Answer
$n=a\left( e^{\frac{S}{a}}-1 \right)$
Work Step by Step
$\bf{\text{Solution Outline:}}$
To solve the given equation, $
S=a\ln\left(1+\dfrac{n}{a}\right)
,$ for $
n
,$ use the properties of equality to isolate the $\ln$ expression. Then change to exponential form. Use the properties of equality to isolate the variable.
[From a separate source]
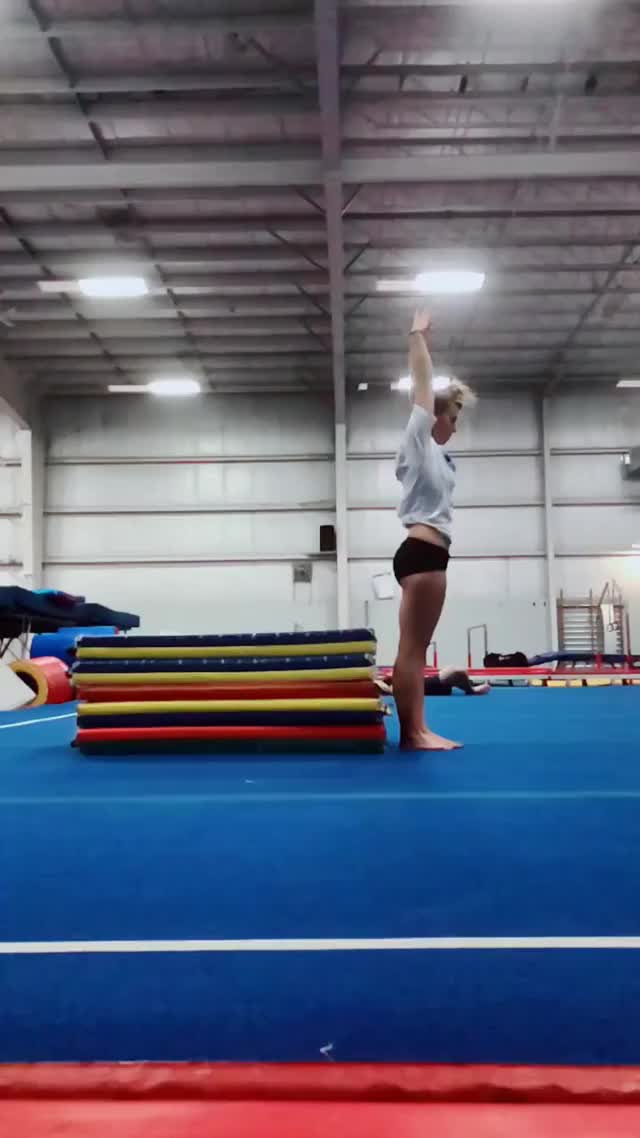Playing with some height ? #fitness #gymnastics #tiktok #creator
$\bf{\text{Solution Details:}}$
Dividing both sides by $a,$ the equation above is equivalent to
\begin{array}{l}\require{cancel}
\dfrac{S}{a}=\dfrac{a\ln\left(1+\dfrac{n}{a}\right)}{a}
\\\\
\dfrac{S}{a}=\ln\left(1+\dfrac{n}{a}\right)
.\end{array}
Since $\ln x =\log_e x,$ the equation above is equivalent to
\begin{array}{l}\require{cancel}
\dfrac{S}{a}=\log_e\left(1+\dfrac{n}{a}\right)
.\end{array}
Since $\log_by=x$ is equivalent to $y=b^x$, the equation above, in exponential form, is equivalent to
\begin{array}{l}\require{cancel}
e^{\frac{S}{a}}=1+\dfrac{n}{a}
.\end{array}
Using the properties of equality, the equation above is equivalent to
\begin{array}{l}\require{cancel}
a\left(e^{\frac{S}{a}}\right)=a\left( 1+\dfrac{n}{a} \right)
\\\\
ae^{\frac{S}{a}}=a+n
\\\\
ae^{\frac{S}{a}}-a=n
\\\\
n=ae^{\frac{S}{a}}-a
\\\\
n=a\left( e^{\frac{S}{a}}-1 \right)
.\end{array}